Na miríade de línguas nativas, a que se soma a herança do indonésio, o português podia ser um meio de acesso à cultura universal — mas não é. Numa excelente reportagem sobre a falência do sonho timorense ("Timor-Leste, a ilha insustentável", Público, 25/11/08) Pedro Rosa Mendes refere-se a vários aspectos da estagnação social e económica deste recente país, entre eles, a questão linguística.
Timor é uma ficção lusófona onde a língua portuguesa navega contra uma geração culturalmente integrada na Indonésia, contra a geografia,contra manipulações políticas internas e contra a sabotagem de várias agências internacionais. A reintrodução do português só poderá ter êxito com a cumulação de duas coisas: firmeza política, em Díli, sobre as suas línguas oficiais; massificação de meios ao serviço de ambas.
O Instituto Nacional de Linguística tem 500 dólares de orçamento mensal (exacto, 6000 USD por ano).

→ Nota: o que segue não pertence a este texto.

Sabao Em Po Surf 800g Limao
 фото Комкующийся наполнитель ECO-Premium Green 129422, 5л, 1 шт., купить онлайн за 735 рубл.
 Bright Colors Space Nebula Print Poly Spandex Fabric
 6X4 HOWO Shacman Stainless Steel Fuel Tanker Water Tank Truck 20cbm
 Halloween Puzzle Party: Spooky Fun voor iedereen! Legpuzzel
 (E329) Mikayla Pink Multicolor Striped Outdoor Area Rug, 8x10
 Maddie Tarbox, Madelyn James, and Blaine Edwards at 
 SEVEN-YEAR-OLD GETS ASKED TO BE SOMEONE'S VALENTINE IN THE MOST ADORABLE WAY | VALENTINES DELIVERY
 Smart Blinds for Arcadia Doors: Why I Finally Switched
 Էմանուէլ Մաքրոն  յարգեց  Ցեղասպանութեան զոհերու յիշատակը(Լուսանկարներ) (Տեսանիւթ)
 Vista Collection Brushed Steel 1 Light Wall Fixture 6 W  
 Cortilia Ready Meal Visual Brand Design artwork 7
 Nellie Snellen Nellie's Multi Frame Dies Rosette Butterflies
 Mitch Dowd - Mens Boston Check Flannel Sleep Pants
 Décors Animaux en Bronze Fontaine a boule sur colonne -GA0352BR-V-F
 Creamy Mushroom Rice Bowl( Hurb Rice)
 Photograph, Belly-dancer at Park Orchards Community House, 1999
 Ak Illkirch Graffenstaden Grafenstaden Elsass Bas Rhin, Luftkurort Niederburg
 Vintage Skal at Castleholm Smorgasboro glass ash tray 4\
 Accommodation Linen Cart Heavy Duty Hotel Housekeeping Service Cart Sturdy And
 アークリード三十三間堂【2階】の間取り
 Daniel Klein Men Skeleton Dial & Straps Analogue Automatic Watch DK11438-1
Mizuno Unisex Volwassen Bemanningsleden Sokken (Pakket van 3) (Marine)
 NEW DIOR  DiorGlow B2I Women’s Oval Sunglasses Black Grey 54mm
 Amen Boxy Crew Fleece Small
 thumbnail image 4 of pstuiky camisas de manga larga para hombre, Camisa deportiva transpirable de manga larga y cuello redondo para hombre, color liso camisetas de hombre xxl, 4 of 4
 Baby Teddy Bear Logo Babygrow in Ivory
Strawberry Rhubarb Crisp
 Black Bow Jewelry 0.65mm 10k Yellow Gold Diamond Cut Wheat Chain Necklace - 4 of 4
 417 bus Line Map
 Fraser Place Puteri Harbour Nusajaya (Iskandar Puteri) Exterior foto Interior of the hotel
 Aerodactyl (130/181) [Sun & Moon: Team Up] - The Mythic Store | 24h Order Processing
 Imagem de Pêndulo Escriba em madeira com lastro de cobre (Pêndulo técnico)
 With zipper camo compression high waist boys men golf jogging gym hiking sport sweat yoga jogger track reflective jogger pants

Na "Babel lorosa'e", como lhe chamou Luiz Filipe Thomaz, não se fala bem nenhuma das línguas da praça (tétum, português, inglês, indonésio). Uma língua é a articulação de um mundo e do nosso lugar nele. Perdidos da gramática e do vocabulário, uma geração de timorenses chegou à idade adulta e ao mercado de trabalho sem muitas vezes conhecer conceitos como a lei da gravidade, o fuso horário ou as formas geométricas, apenas para dar exemplos fáceis.
Aos poucos bancos com balcão em Díli (três) chegam projectos de investimento estrangeiro cujos planos de amortização não prevêem mão-de-obra timorense ou que contam os timorenses como peso-morto na massa salarial, ao lado de operários ou técnicos importados que responderão pela produção.